_About this task_.
Please return all the records exactly, with nothing left out.
[Working data — start]
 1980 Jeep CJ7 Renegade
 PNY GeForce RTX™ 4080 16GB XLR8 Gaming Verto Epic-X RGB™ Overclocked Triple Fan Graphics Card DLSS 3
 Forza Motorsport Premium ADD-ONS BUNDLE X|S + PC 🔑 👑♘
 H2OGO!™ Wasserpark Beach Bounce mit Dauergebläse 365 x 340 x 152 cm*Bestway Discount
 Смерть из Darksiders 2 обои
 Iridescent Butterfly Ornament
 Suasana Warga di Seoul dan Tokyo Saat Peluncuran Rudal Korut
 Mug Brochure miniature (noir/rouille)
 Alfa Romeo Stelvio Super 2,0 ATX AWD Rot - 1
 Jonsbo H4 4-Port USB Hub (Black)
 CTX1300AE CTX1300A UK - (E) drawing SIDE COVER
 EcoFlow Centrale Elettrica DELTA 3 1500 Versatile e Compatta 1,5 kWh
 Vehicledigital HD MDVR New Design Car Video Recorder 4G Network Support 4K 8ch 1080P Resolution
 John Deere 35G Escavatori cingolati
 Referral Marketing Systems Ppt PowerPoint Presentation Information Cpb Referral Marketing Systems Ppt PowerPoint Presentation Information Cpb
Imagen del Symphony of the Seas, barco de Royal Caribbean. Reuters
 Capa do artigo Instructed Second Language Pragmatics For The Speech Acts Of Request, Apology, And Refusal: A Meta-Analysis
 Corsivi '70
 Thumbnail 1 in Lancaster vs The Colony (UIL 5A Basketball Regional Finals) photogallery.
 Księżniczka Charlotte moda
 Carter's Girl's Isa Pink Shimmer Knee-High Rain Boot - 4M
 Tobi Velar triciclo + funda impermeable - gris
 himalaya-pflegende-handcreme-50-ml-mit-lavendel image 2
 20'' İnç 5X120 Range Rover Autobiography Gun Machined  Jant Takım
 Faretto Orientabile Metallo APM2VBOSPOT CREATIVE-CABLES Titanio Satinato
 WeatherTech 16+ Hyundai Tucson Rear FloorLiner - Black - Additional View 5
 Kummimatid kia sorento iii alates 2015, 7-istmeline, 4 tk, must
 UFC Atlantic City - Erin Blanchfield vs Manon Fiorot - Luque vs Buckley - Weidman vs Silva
[Working data — finish]
_Solution_.
 1980 Jeep CJ7 Renegade
 PNY GeForce RTX™ 4080 16GB XLR8 Gaming Verto Epic-X RGB™ Overclocked Triple Fan Graphics Card DLSS 3
 Forza Motorsport Premium ADD-ONS BUNDLE X|S + PC 🔑 👑♘
 H2OGO!™ Wasserpark Beach Bounce mit Dauergebläse 365 x 340 x 152 cm*Bestway Discount
 Смерть из Darksiders 2 обои
 Iridescent Butterfly Ornament
 Suasana Warga di Seoul dan Tokyo Saat Peluncuran Rudal Korut
 Mug Brochure miniature (noir/rouille)
 Alfa Romeo Stelvio Super 2,0 ATX AWD Rot - 1
 Jonsbo H4 4-Port USB Hub (Black)
 CTX1300AE CTX1300A UK - (E) drawing SIDE COVER
 EcoFlow Centrale Elettrica DELTA 3 1500 Versatile e Compatta 1,5 kWh
 Vehicledigital HD MDVR New Design Car Video Recorder 4G Network Support 4K 8ch 1080P Resolution
 John Deere 35G Escavatori cingolati
 Referral Marketing Systems Ppt PowerPoint Presentation Information Cpb Referral Marketing Systems Ppt PowerPoint Presentation Information Cpb
Imagen del Symphony of the Seas, barco de Royal Caribbean. Reuters
 Capa do artigo Instructed Second Language Pragmatics For The Speech Acts Of Request, Apology, And Refusal: A Meta-Analysis
 Corsivi '70
 Thumbnail 1 in Lancaster vs The Colony (UIL 5A Basketball Regional Finals) photogallery.
 Księżniczka Charlotte moda
 Carter's Girl's Isa Pink Shimmer Knee-High Rain Boot - 4M
 Tobi Velar triciclo + funda impermeable - gris
 himalaya-pflegende-handcreme-50-ml-mit-lavendel image 2
 20'' İnç 5X120 Range Rover Autobiography Gun Machined  Jant Takım
 Faretto Orientabile Metallo APM2VBOSPOT CREATIVE-CABLES Titanio Satinato
 WeatherTech 16+ Hyundai Tucson Rear FloorLiner - Black - Additional View 5
 Kummimatid kia sorento iii alates 2015, 7-istmeline, 4 tk, must
 UFC Atlantic City - Erin Blanchfield vs Manon Fiorot - Luque vs Buckley - Weidman vs Silva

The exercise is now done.